Left to right: Jude Drake, Fabrice Bakhouche, Rachel Martin, Amanda Ridout

For example, if organizations want to create a responsible travel program that may limit air travel and prioritize train travel, "give them business class," she said. "Make it good." And in a similar vein, if people are bemoaning the end of unlimited travel, emphasize that "unlimited travel was unsustainable," and invite employees to help imagine "something that is even better."

Bakhouche reported that Hachette Livre performed its first carbon assessment, which was focused on its French operations, in 2009. By 2020, the company had achieved a 20% reduction in emissions, and at the end of 2021 the company made another carbon assessment, this one "more global." It encompassed Hachette’s operations in the U.S., U.K., Spain, and Mexico, and the company committed to reduce emissions by a further 30% by 2030.

That, Bakhouche said, is a "very, very ambitious" goal, one that will impact Hachette's entire business model and how "we produce, design and ship books." He pointed to three main areas where there is the most work to be done, including overproduction and returns, partnerships with printers and suppliers, and transportation, specifically air freight. He remarked: "It will be a very big shift."

At Bloomsbury, Drake reported, the sustainability journey started in earnest about four years ago. The company has already achieved a 30% reduction in emissions, and last September completed the CDP Climate Change Questionnaire, receiving a B score. Bloomsbury also has a program for its employees called Live Greener, which aims to inspire people, create a sustainability mindset, and "demystify things." The company also provides information about employee pensions and how they are invested, with Drake noting that pensions have gone from being 30% invested in sustainable businesses to 60%.

Ridout reported that the IPG is preparing something called the zero carbon toolkit, an online resource that will provide publishers with practical solutions for making their businesses more sustainable. Noting that many member publishers are looking at their own emissions and their own suppliers independently, the IPG's task force wondered what it could do best as an industry body. The answer was "supply chain," and the task force sought to get "real-time data" across every level of the industry.

This led to the Book Journeys project, which details the environmental impact of six different scenarios of a book going from printing to a customer's hands.
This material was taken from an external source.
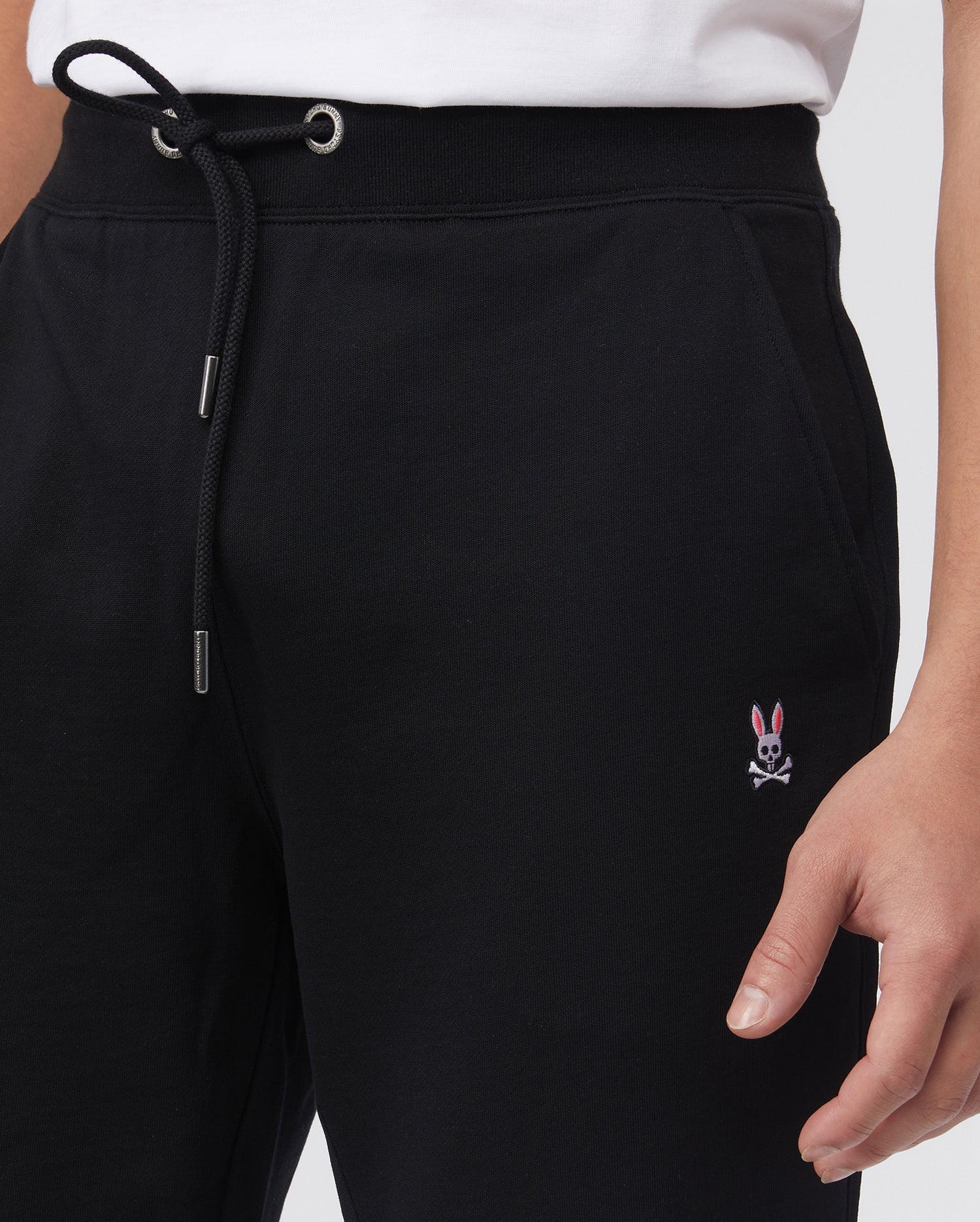 A person is seen wearing Psycho Bunny's black MENS FRENCH TERRY KNIT SWEATPANTS - B6P828ARFT, featuring a classic fit with a small pink bunny and crossbones embroidery on the upper leg. The drawstring waist is paired with a white top, revealing only the lower torso and part of an arm.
What came out of the first Book Journeys project, Ridout said, is "localizing printing." Print-on-demand is a large part of that, with Ridout pointing out that POD "doesn't answer" the question for the children's sector yet. Another Book Journeys project is in the works that will focus on end of life, and she added that the "elephant" in the publishing world is returns. There is a "real lack of data on it," and everybody is "nervous about it."
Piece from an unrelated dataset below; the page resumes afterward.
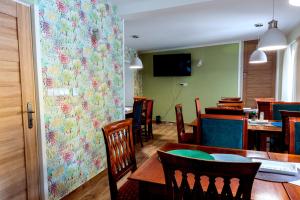 利布韦尔达矿泉村Vila Tess的一间带桌椅和花卉墙面的用餐室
There are two things "we feel really strongly" that anyone can do, Ridout continued. The first is collaborating, which she remarked should not be as radical a suggestion as it is, and the second is questioning. For the former, the industry "genuinely needs to come together" to combat climate change, and she urged publishers to share their sustainability data and "don't be protectionist." For the latter, everyone should question why things are done a certain way and whether there are ways to make it more sustainable. Authors, she added, have more power in this regard than they might think.

Asked about the most difficult challenges in the way of publishers' sustainability goals, the panelists gave varied answers. Bakhouche returned to overproduction, calling it "probably the main challenge," and said publishers will have to print in a smart way and be as "accurate as we can" with print runs.

Ridout acknowledged that overproduction is a big challenge, but it at least is one that is "within our own hands to solve." She remarked that the discussion hadn't "talked about consumers at all," and she said the industry needs to "get our house in order" before showing a "united front to consumers." They will have to be educated as to why they "may have to pay more for books" in the name of sustainability. Drake agreed that consumer perception--"what’s expected of a book"--poses a significant challenge.

Martin pointed to finance as the single biggest challenge. At the moment publishers are in a "sweet spot," where most sustainability efforts thus far have actually reduced costs. That hasn't created any real problems yet, as "finance is happy," but Martin wondered what will happen when publishers reach the point where better sustainability means sacrificing revenue. As it stands, "sustainability is not valued" in most business models, and she wasn't sure what will happen when the industry reaches that tipping point. --Alex Mutter


Obituary Note: Kathryn Jewitt 

Kathryn Jewitt, founding member of children's publisher Townhouse, died March 22. She was 55. The Bookseller reported that Jewitt "held a degree in English Literature from Durham and a postgraduate Printing and Publishing Diploma from the London College of Printing, and rose to become a skilled and influential editorial director, working for a number of the U.K.'s most successful children's book packagers and mass-market publishers."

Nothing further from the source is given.